Dentre inúmeros problemas de gestão, embalados pelo mesmo grupo de administradores que se revezam no poder, a prefeitura da cidade convive com e estimula a prática de crime ambiental no tocante à poda das árvores, que agora enfeiam a cidade face à sua transformação em postes esqueléticos e desgalhados, muitos deles no estilo forquilha.
A literatura catártica vem em auxílio da municipalidade, quando contempla definições de “poste fantasma”, “poste árvore”, “poste espectral” ou, ainda, de nomes curiosos, como “poste depenado” ou “poste vassoura”. Esses nomes, em se tratando de trabalho escolar, seriam educativos para crianças dos primeiro e segundo graus da escolaridade, que poderiam com o tema aprender sobre o que fazer e como não proceder no tocante ao plantio, manutenção, poda e descarte de árvores em perímetro urbano. Aliás, referido mote de redação poderia ser didático para a Secretaria Municipal de Meio Ambiente, face à pobreza de argumentos que esposou no “termo de referência” do edital de licitação, pregão eletrônico número 12/25, processo em curso, que trata da contratação de serviços de poda de limpeza (repoda), poda, remoção, picagem e descarte de árvores localizadas em vias públicas no município de Campos do Jordão, no valor estimado próximo de 1 milhão de reais.

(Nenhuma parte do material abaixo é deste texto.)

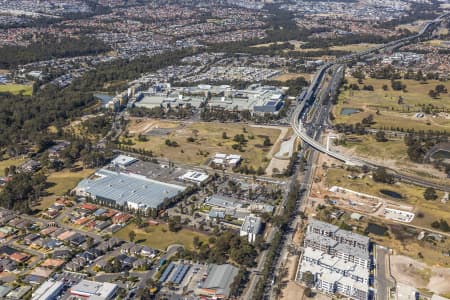 Aerial Image of ROUSE HILL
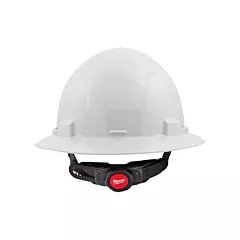 Milwaukee Casque de sécurité à bord complet avec coiffe à 6 points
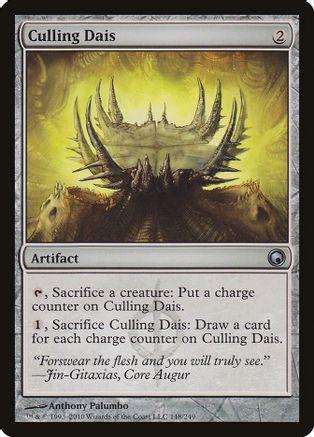 Culling Dais Magic Scars of Mirrodin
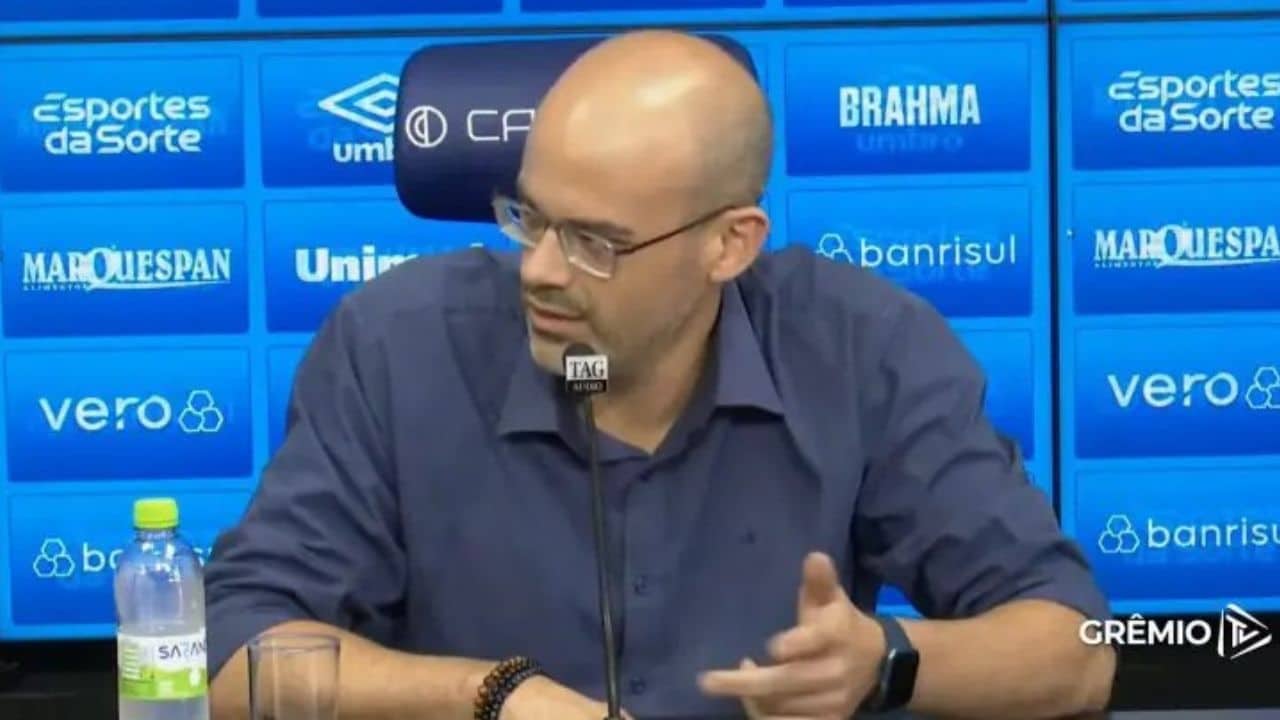 Paulo Caleffi - ex-VP do Grêmio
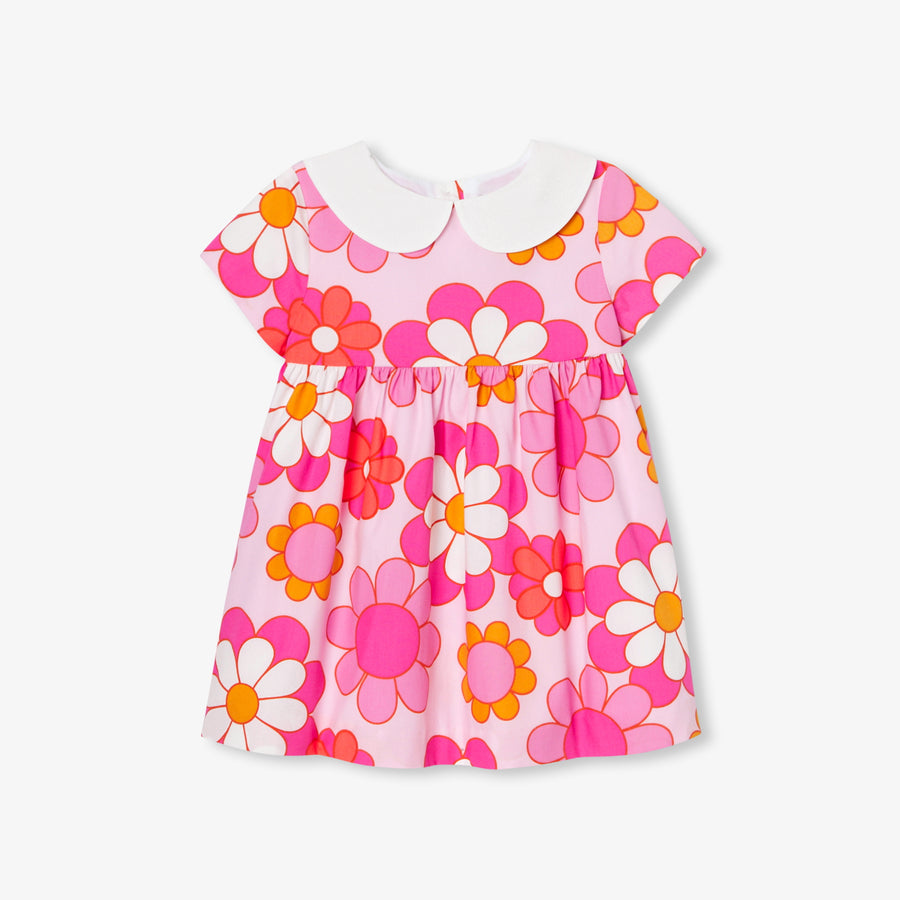 Cvjetna haljina za bebe djevojčice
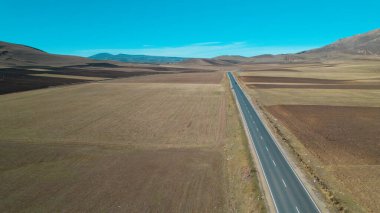 Kırsal alanlarda uzun otoyol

PODA DRÁSTICA DE ÁRVORE É CRIME? É SIM, SENHOR PREFEITO.
A poda predatória de árvores, também conhecida como poda drástica, é aquela que remove mais do que 30% do volume da copa de uma árvore. Tal procedimento traz consequências funestas para as árvores, porque acarreta mudança brusca na condição da planta, mediante desequilíbrio entre a superfície da copa e a superfície de absorção de água e nutrientes.
Logo, a reação da árvore será sempre na direção de recompor a copa original, emitindo a brotação de novos galhos, buscando a sua sobrevivência. Mas, ao contrário do que esperam os desavisados, os novos galhos, quando rebrotam, desenvolvem-se em número muito maior do que anteriormente à poda, dando aspecto de vassoura à copa da árvore, porque crescem de forma desordenada e de estética sofrível.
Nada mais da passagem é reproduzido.